Description of problem: On a test system one can see that I have NetworkManager and wpa_supplicant turned off on all levels (with good reasons for such configuration). Despite of that after a boot with systemd one can see that these services are running. Also watching startup messages one can notice that systemd attempts to start up various other services nobody asked for but it fails to do that for assorted reasons. After a reboot with "init=/sbin/upstart" services which were configured off indeed do not run. Version-Release number of selected component (if applicable): systemd-4-4.fc14 How reproducible: always
*** This bug has been marked as a duplicate of bug 615293 ***
(In reply to comment #1) > > *** This bug has been marked as a duplicate of bug 615293 *** I wonder if this is not a bit hasty. NetworkManager, which bug 615293 specifically talks about, provides the most obvious instance of the problem. OTOH I see also attempts to start other uncalled for services ending in failures for whatever reasons. One would expect that this will be not happening.
(In reply to comment #2) > OTOH I see also attempts to start other uncalled for services ending in > failures for whatever reasons. In that case please be more specific. What services? What failures? Could you boot with systemd.log_level=debug and attach the resulting dmesg?
(In reply to comment #3) > (In reply to comment #2) > > OTOH I see also attempts to start other uncalled for services ending in > > failures for whatever reasons. > > In that case please be more specific. What services? What failures? Could you > boot with systemd.log_level=debug and attach the resulting dmesg? As I wrote in the original report "... watching startup messages one can notice that systemd attempts to start up various other services nobody asked for ...". grep through /var/log/boot.log on my test system gives: Starting start and stop ip6tables firewall failed. Starting restorecond uses inotify to look for creation of new files listed in the /etc/selinux/restorecond.conf file, and restores the correct security context. failed. Starting processor frequency scaling support failed. Starting Start and stop the MD software RAID monitor failed. Starting Starts the RPCSEC GSS client daemon failed. Starting Starts the RPCSEC GSS server daemon failed. Starting Initialize SCSI tape drives with /sbin/stinit failed. All these startup scripts terminate with a status 6 or 7 because one or another config file is missing. Up to now they were just quietly exiting. In a systemd context one gets a red "failed". True in a strict sense but from a sysadmin point of view a spurious noise which may mask real troubles. One can indeed do 'chkconfig stinit off' and this will remove, for example, the last of these messages but up to now this was not a requirement and it was enough to provide a config file to have such service running. Just a question of back compatibility.

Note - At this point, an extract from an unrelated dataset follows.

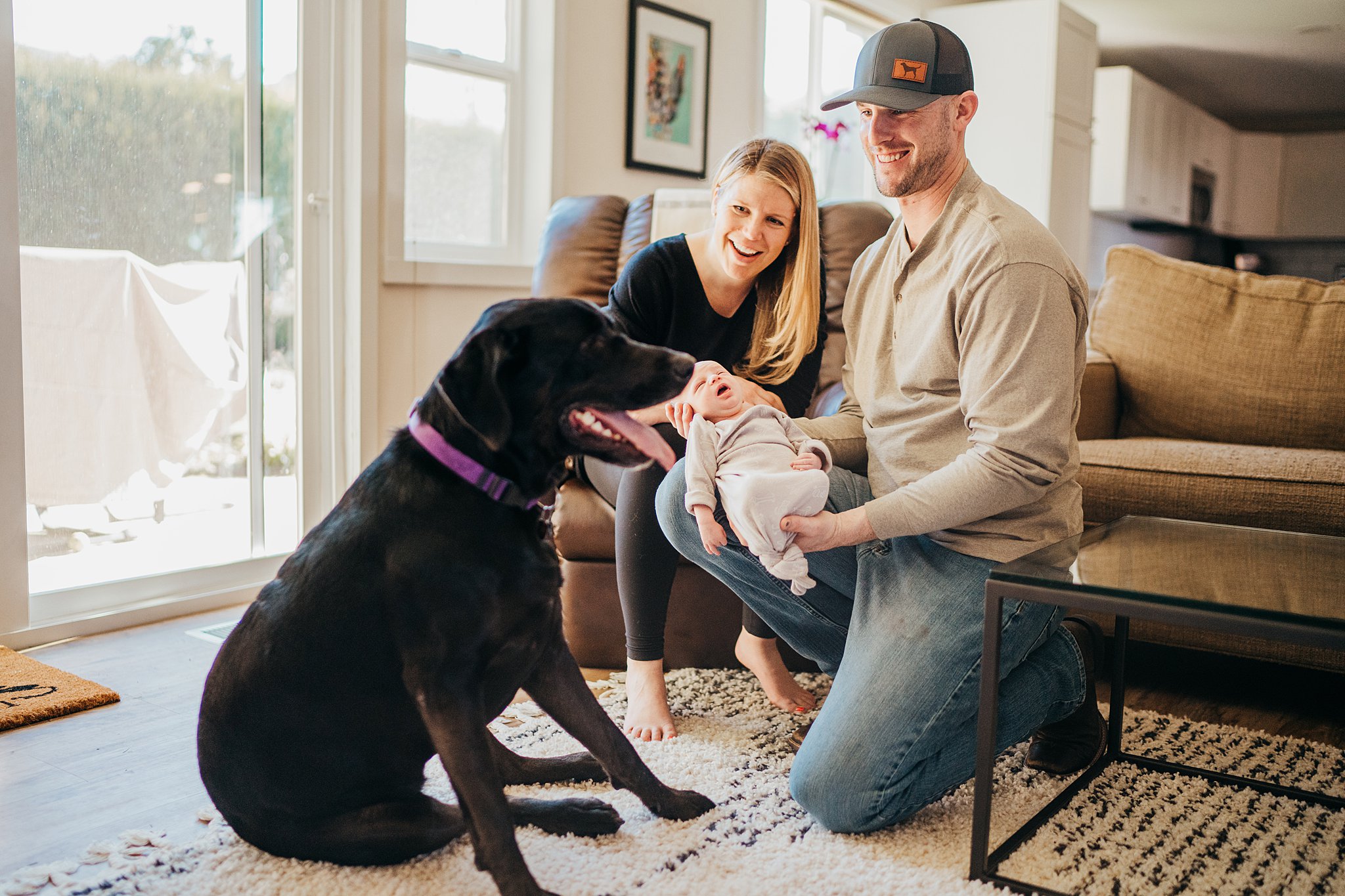 A new father shows his newborn baby to the family black lab while mom sits on a leather chair in living room fit4mom eastside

What does, for example, "chkconfig --list mdmonitor" say?
(In reply to comment #5) > What does, for example, "chkconfig --list mdmonitor" say? It is in a default "on" state while booting, which certainly makes easier to add a RAID storage to a long running system and conforms to long established expectations, but neverthless is inactive due to a line: [ -f /etc/mdadm.conf ] || return 6 in /etc/init.d/mdmonitor with /etc/mdadm.conf absent. Before you will tell me that I can do "chkconfig rpcgssd off" and "chkconfig rpcsvcgssd off" to shut off some of quoted complaints, which I certainly can do, please take into account that if in a year or two I decide to make "SECURE_NFS=yes" in /etc/sysconfig/nfs then I will have to do "O, yeah! Something was turned off here. I wonder what that could be?". Hopefuly my memory will be good enough for that but I cannot be sure.
Finally I understand what you mean. Compared to upstart, systemd seems to be more talkative during boot. It always announces which SysV service it is about to start (with the text taken from the initscript's "Short-Description:"), upstart does not do that. Systemd also says "failed" if the service is not configured and returns 6 immediately. Upstart keeps quiet in this case. But they both really run the scripts of the same services, so it's not like systemd starts something that upstart would not (except for the separate issue with starting NM). It's just an issue of being overly verbose.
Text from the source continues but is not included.